В. ПОЗНЕР: Тут я могу согласиться.
А. ВЕНЕДИКТОВ: У меня не хватает информации, чтобы предложить. У меня было несколько случаев, у вас точно было… Кстати, как вам Путин и ответил 25 июля, или это было в другой раз, типа, про вашу наивность, да?
В. ПОЗНЕР: Да, да.
А. ВЕНЕДИКТОВ: То есть у вас не хватает информации. Он имел в виду на ваше предложение, что у вас не хватает информации. Трудно возразить президенту. Объем его информации, наверное, или особенности его информирования не сравнимы с информированием даже самого информированного в новостях.
В. ПОЗНЕР: Я вас должен перебить.
А. ВЕНЕДИКТОВ: Перебейте.
В. ПОЗНЕР: В данном конкретном случае у меня было больше информации, чем у него.
А. ВЕНЕДИКТОВ: Не сомневаюсь.
В. ПОЗНЕР: И поэтому-то у него не было другого хода, кроме того, как сказать, что я наивный человек.
С. ПАРХОМЕНКО: И я просто хотел напомнить, что это из самых на самом деле тривиальных и часто нечестных способов спора по самым разным поводам. Можно сказать "сам дурак", услышав неприятный аргумент, а можно сказать "не согласен, а что ты предлагаешь?" И это достаточно часто в споре есть не что иное, как заведение этого спора в тупик и в некотором роде капитуляция перед противником, когда ответить нечего, значит, давай, я его выведу, давай, предлагай тогда сам. Но это дешевка, если серьезно.
В. ПОЗНЕР: Смотрите, вы говорите о споре. Если есть с кем спорить. В данном конкретном случае мне было, что предложить. Речь шла о создании общественного телевидения, и у меня было абсолютно, и есть, совершенно конкретное предложение, как это сделать. Но обычно, когда, скажем, мы выступаем по радио или по телевидению, мы не с кем не ведем диспута, мы выступаем по поводу чего-то и по этому поводу высказываемся. Все-таки недостаточно просто сказать, что "это плохо, на мой взгляд, это не конструктивно". Ну и что дальше?
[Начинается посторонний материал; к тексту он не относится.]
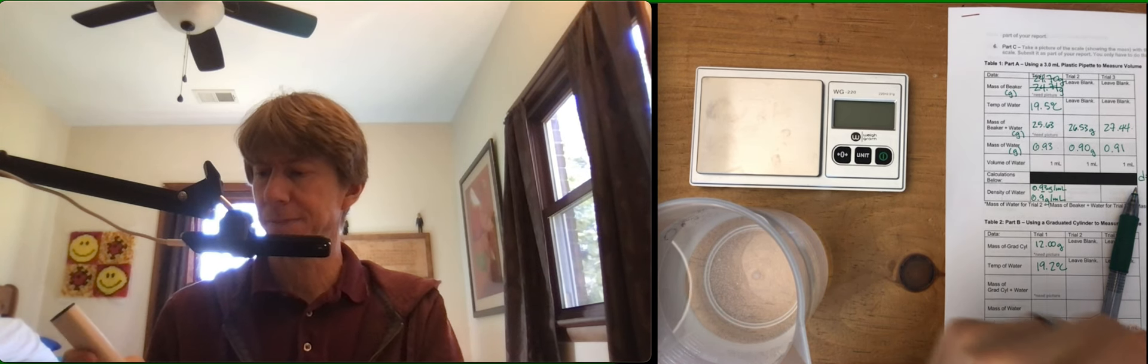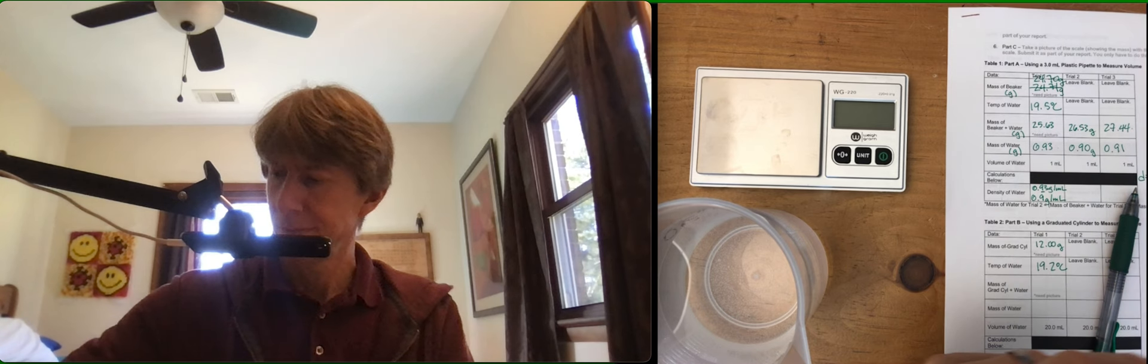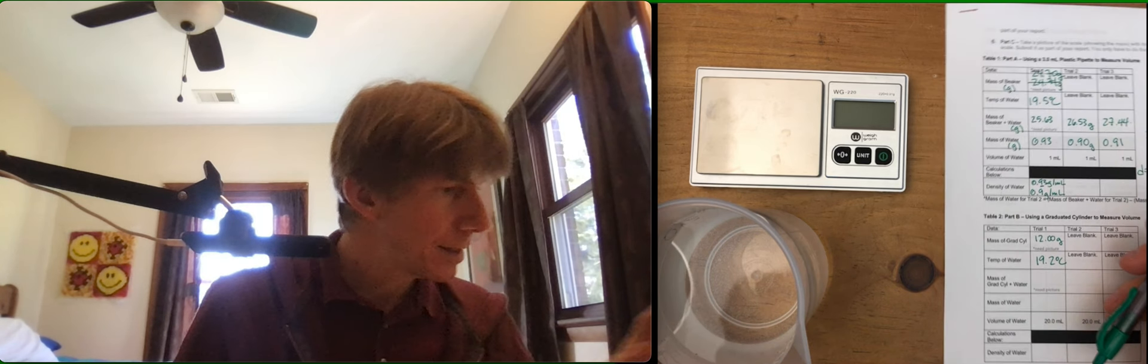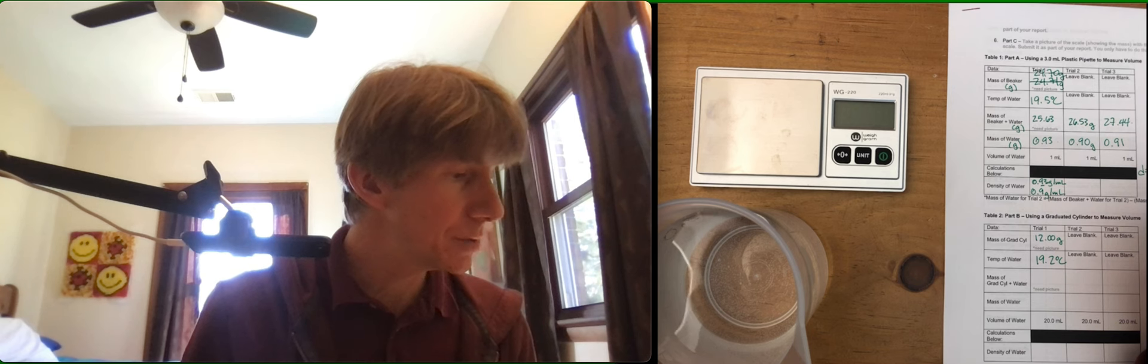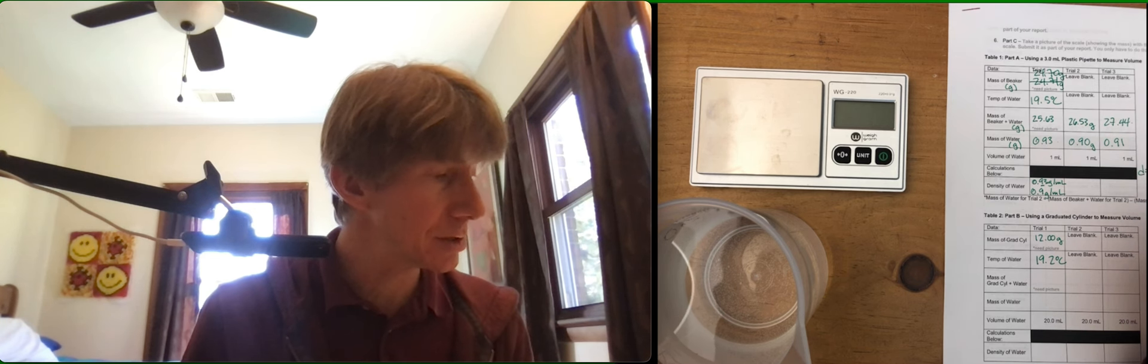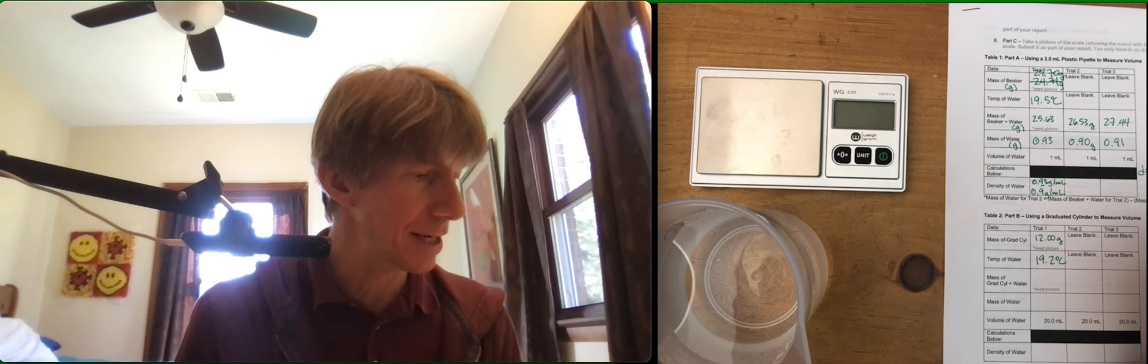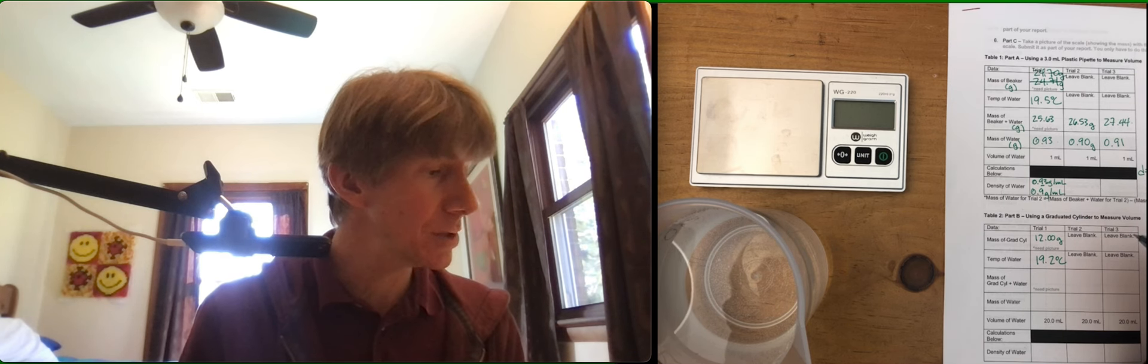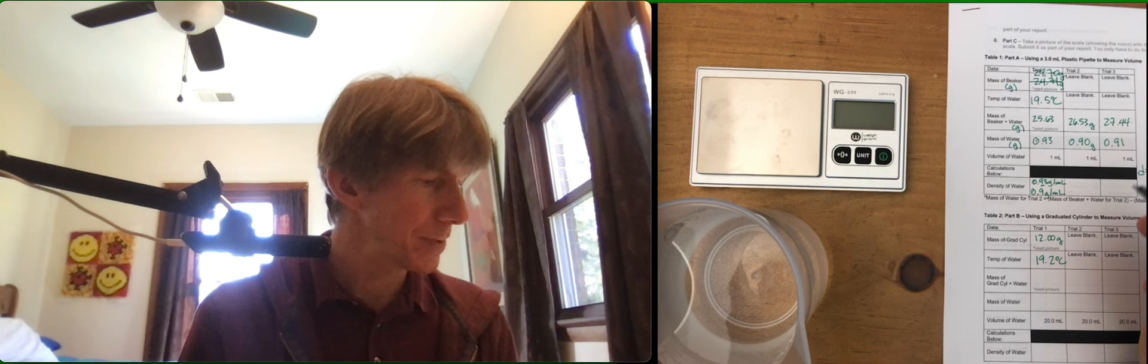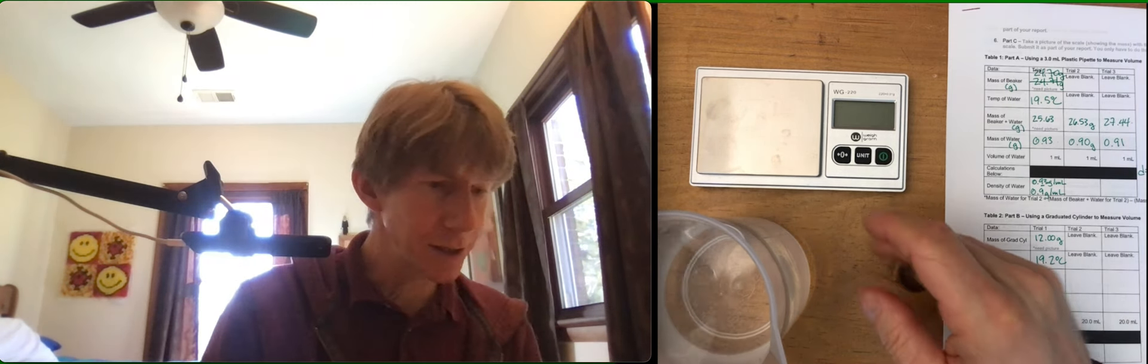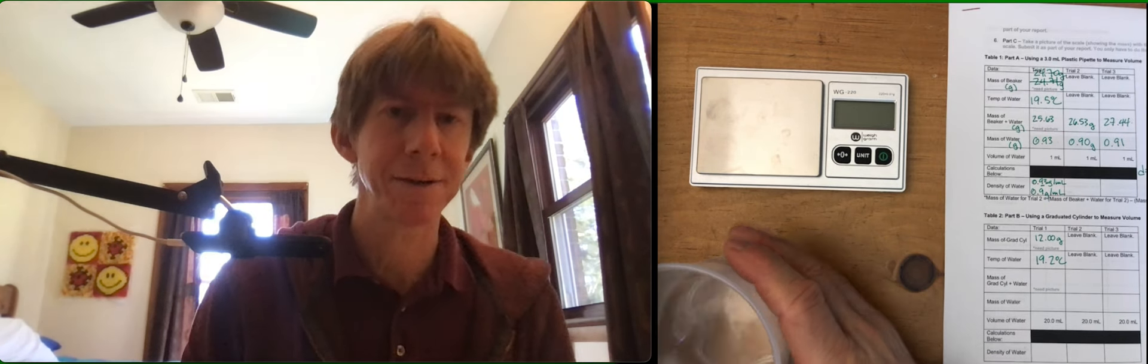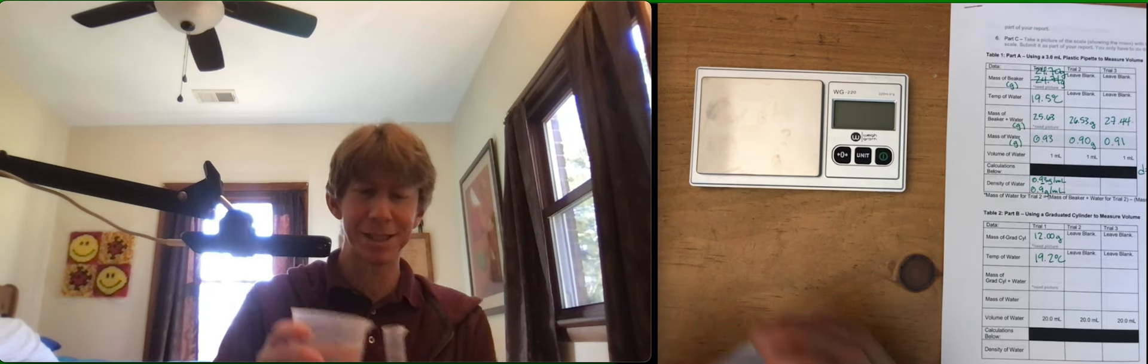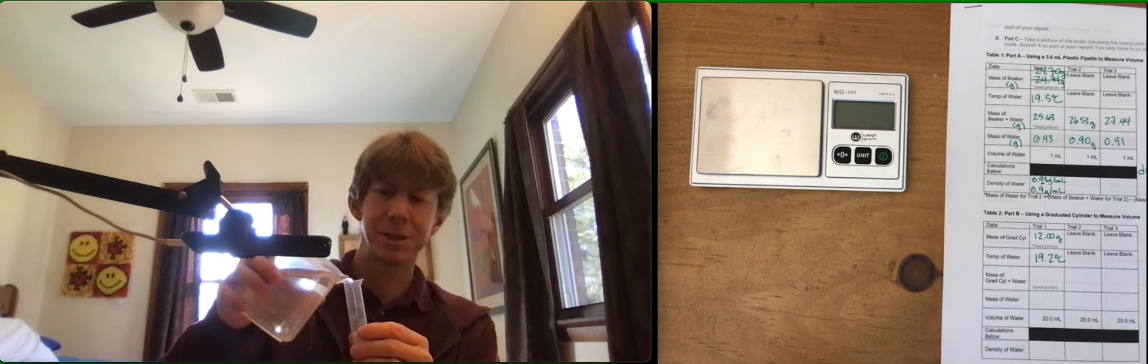Measure out 20 milliliters of the room temperature distilled water. Use droplets from the pipette to get the volume of water as close to the 20.0 milliliter line as possible. Your eyes should be at the level of the liquid surface in the graduated cylinder. I'm going to do this a little farther away from my scale and computer, so I'm going to pour it in.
А. ВЕНЕДИКТОВ: Очень смешно тут Ник пишет: "Правильно я понял, что Познер говорит, что журналист не имеет права сказать "ты дурак", не объяснив перед этим, почему этот человек дурак?"
В. ПОЗНЕР: Журналист вообще не имеет права говорить "ты дурак", потому что это плохо воспитанный журналист.
А. ВЕНЕДИКТОВ: Нет, но это не оскорбление. Может быть констатация?
В. ПОЗНЕР: Ну, неплохо бы объяснить, да, я считаю так-то и так-то, поэтому я так считаю.
А. ВЕНЕДИКТОВ: Мы продолжим сразу после новостей.
НОВОСТИ
А. ВЕНЕДИКТОВ: 22 часа 35 минут. Прежде чем мы уйдем на раунд игры двухминутный, я хотел бы спросить вас, Владимир Владимирович. Спрашивает Камиль из Казани, не могу пройти мимо, кстати, у нас по Интернету тоже масса к вам вопросов…
В. ПОЗНЕР: Почему вы не можете пройти мимо?
А. ВЕНЕДИКТОВ: Потому что "включаю "Эхо" и слышу вас, бесконечно рад, куда вы пропали?". Речь идет о том, когда выйдет ваша программа?
В. ПОЗНЕР: Спасибо большое за вопрос. Я выхожу в будущее воскресенье, 25 сентября. Просто у нас летний перерыв довольно большой, и генеральный директор Первого канала Константин Львович Эрнст хочет нас выпустить тогда, когда будут все зрители, то есть когда все вернутся из отпусков и так далее. 25 числа.
А. ВЕНЕДИКТОВ: Камиль, вам ответили. Передайте всем в Казани наш привет.
ИГРА
А. ВЕНЕДИКТОВ: Итак, в Москве 22 часа 38 минут, на сегодня раунды закончились, а у нас по-прежнему Сергей Пархоменко и Владимир Познер, мы говорим о корректности критики. Если у вас есть мнение, есть вопрос, наш телефон в студии 203-19-22. "Было бы интереснее, - пишет Виктор, - если бы обсуждались конкретные примеры неконструктивной критики". А вот вы звоните, Виктор, по 203-19-22, приводите примеры и мы начнем с вами говорить. Алло, здравствуйте, вы в прямом эфире.
СЛУШАТЕЛЬ: Здравствуйте. Виталий. У меня есть точка зрения. Она заключается в том, что, как мне кажется, писать можно если не обо всем, то почти обо всем. Но как писать - вот в чем проблема.
А. ВЕНЕДИКТОВ: Ну, это понятно, да. Но пример какой-нибудь?
СЛУШАТЕЛЬ: Нет, не пример.
А. ВЕНЕДИКТОВ: Не пример не пойдет.
СЛУШАТЕЛЬ: Дайте, я скажу. Значит, нужно ставить журналистам всегда вопрос - от этого большинству народа будет лучше от того, что они прочтут вот это?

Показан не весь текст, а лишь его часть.